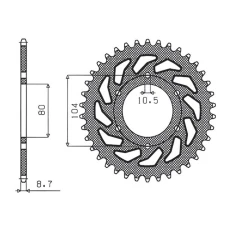SUNSTAR ЗІРОЧКА ЗАД 501 33 KAWASAKI Z 750C '80-87, GPZ 1100 '81-85, GPZ 750 '83-89, GPZ 750 ТУРБО '82-87 (LANC. 630)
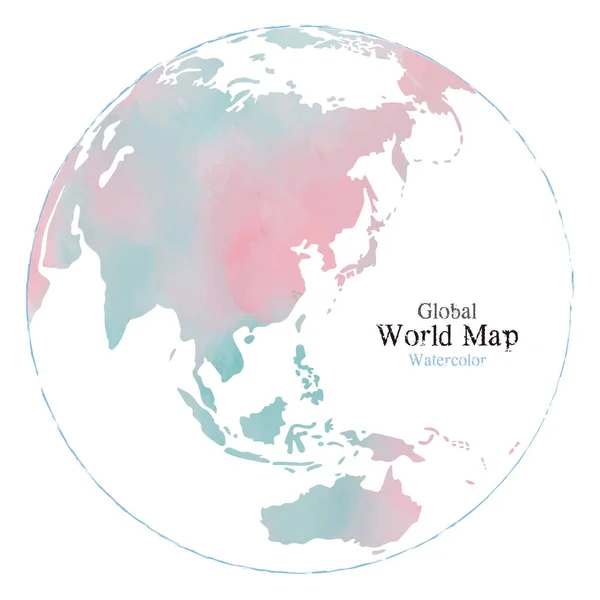 Weltkarte Mit Aquarell Textur Auf Weißem Hintergrund — Stockvektor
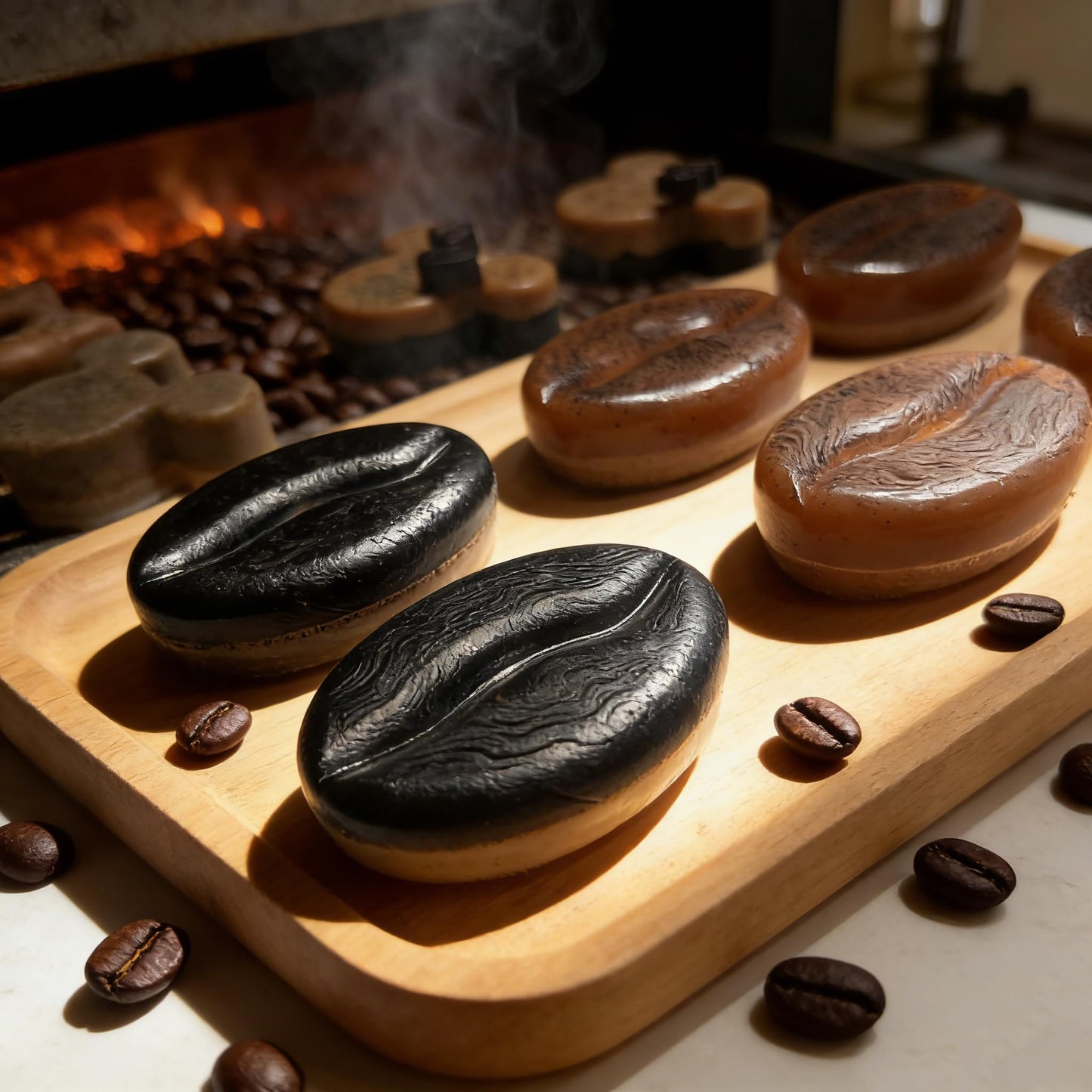 DIY Coffee Soap Making Kit for Beginners, Complete Handmade Craft Set with Coffeebean Molds, Soap Base, Foaming Agent, Sweet Almond Oil, Coffee Fragrance, Gift Ready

What needs to be done> Starting at the line with "Weltkarte Mit Aquarell" and stopping at the final line of the material, reproduce each line exactly, both ends included. Leave the pictures out.

Solution for this exercise>
 Weltkarte Mit Aquarell Textur Auf Weißem Hintergrund — Stockvektor
 DIY Coffee Soap Making Kit for Beginners, Complete Handmade Craft Set with Coffeebean Molds, Soap Base, Foaming Agent, Sweet Almond Oil, Coffee Fragrance, Gift Ready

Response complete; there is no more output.